### THE TASK
Make an exact copy of the entries, and keep any pictures out of it.

##### SUPPLIED DATA #####

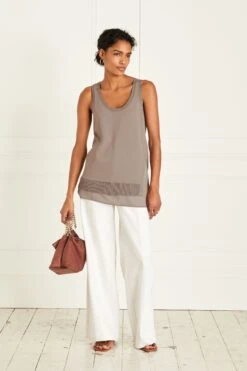 Next Stricktop Asymmetrisches Tanktop Im Lagenlook (1-tlg) -Next Geschäft 15f5f541 9571 5eef aca9 d9176965bf7b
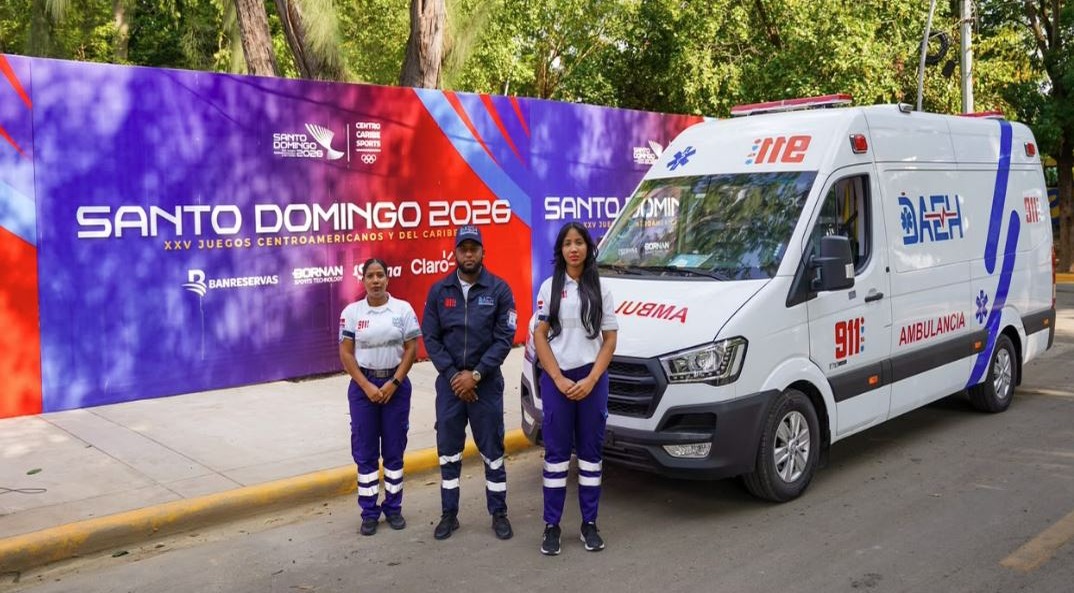 DAEH Asegura Cobertura Médica Integral para los Juegos Centroamericanos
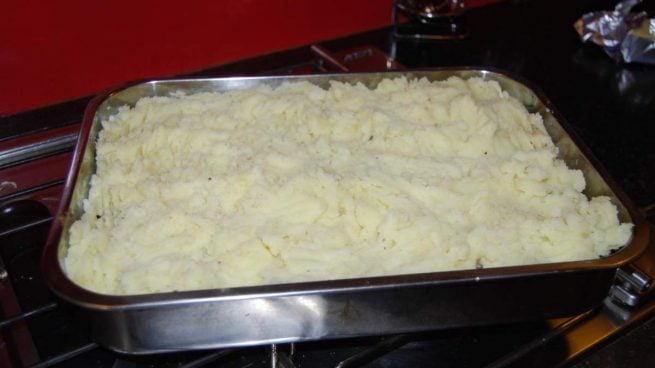 Parmentier de patatas y setas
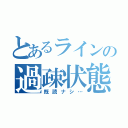 とあるラインの過疎状態（既読ナシ…）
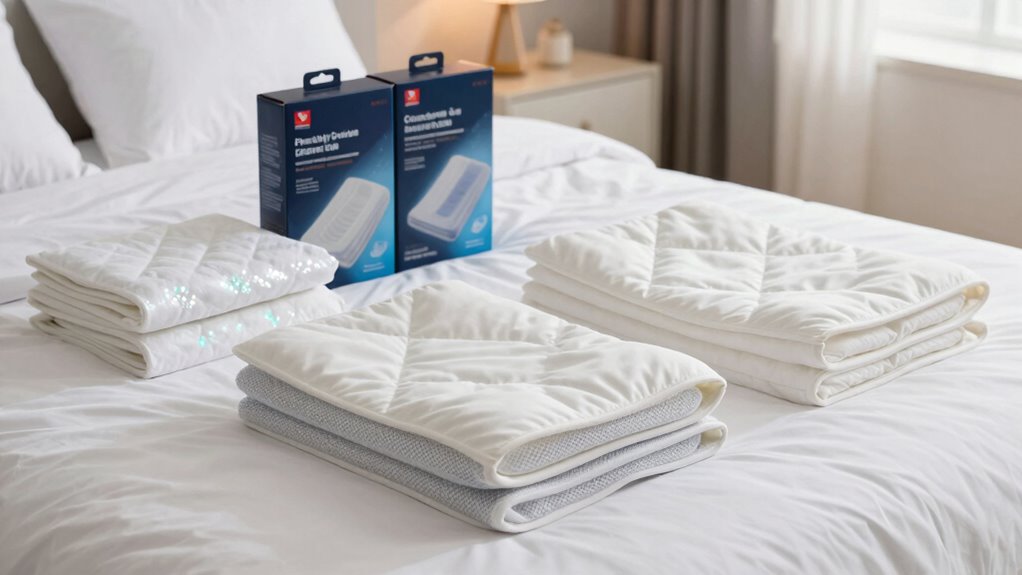 top cooling mattress protectors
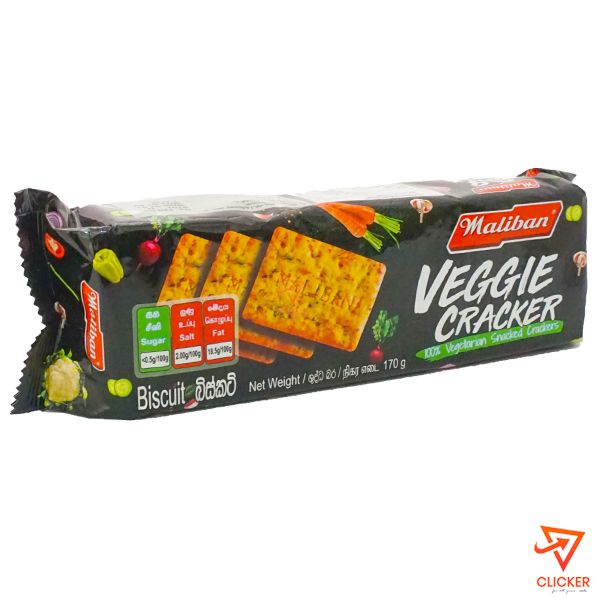 Clicker product 170g MALIBAN veggie cracker 191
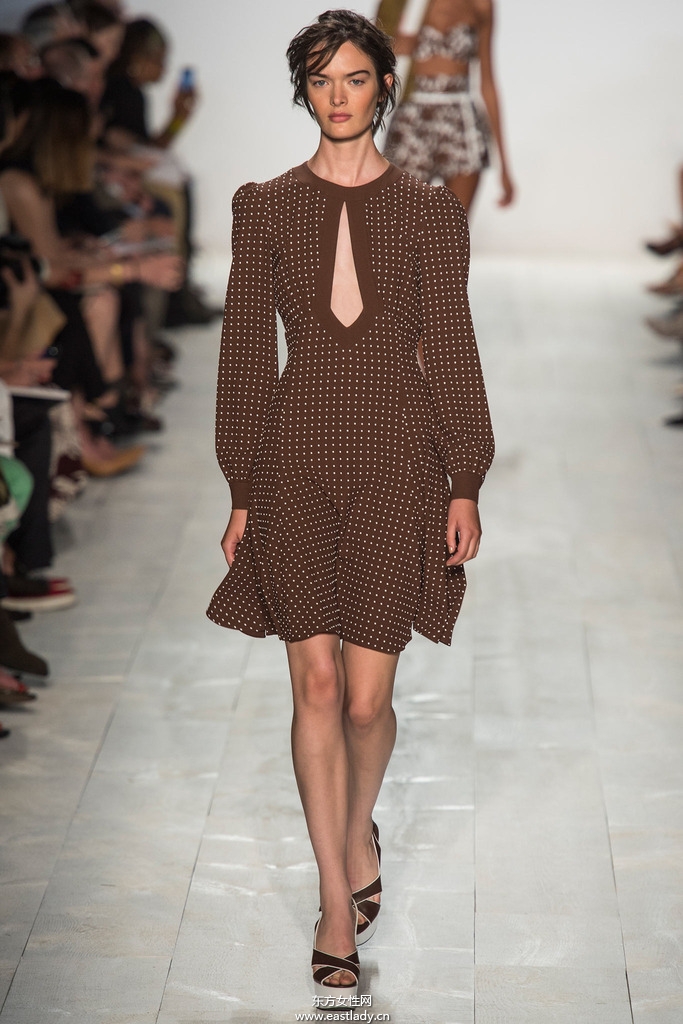 Michael Kors 2014春夏流行服饰时尚大片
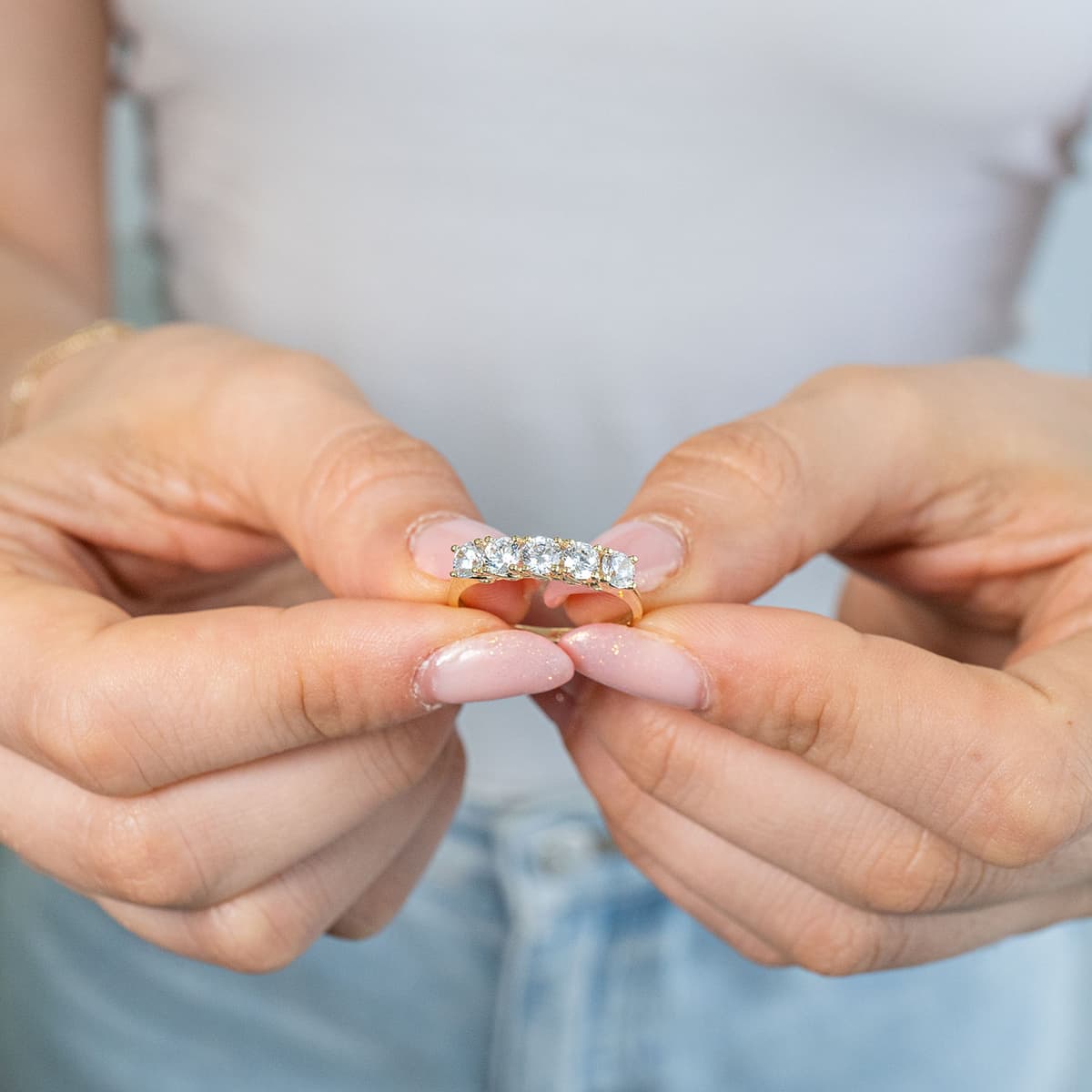 Women's Rings Gofas Gold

#####

### TASK OUTPUT
 Next Stricktop Asymmetrisches Tanktop Im Lagenlook (1-tlg) -Next Geschäft 15f5f541 9571 5eef aca9 d9176965bf7b
 DAEH Asegura Cobertura Médica Integral para los Juegos Centroamericanos
 Parmentier de patatas y setas
 とあるラインの過疎状態（既読ナシ…）
 top cooling mattress protectors
 Clicker product 170g MALIBAN veggie cracker 191
 Michael Kors 2014春夏流行服饰时尚大片
 Women's Rings Gofas Gold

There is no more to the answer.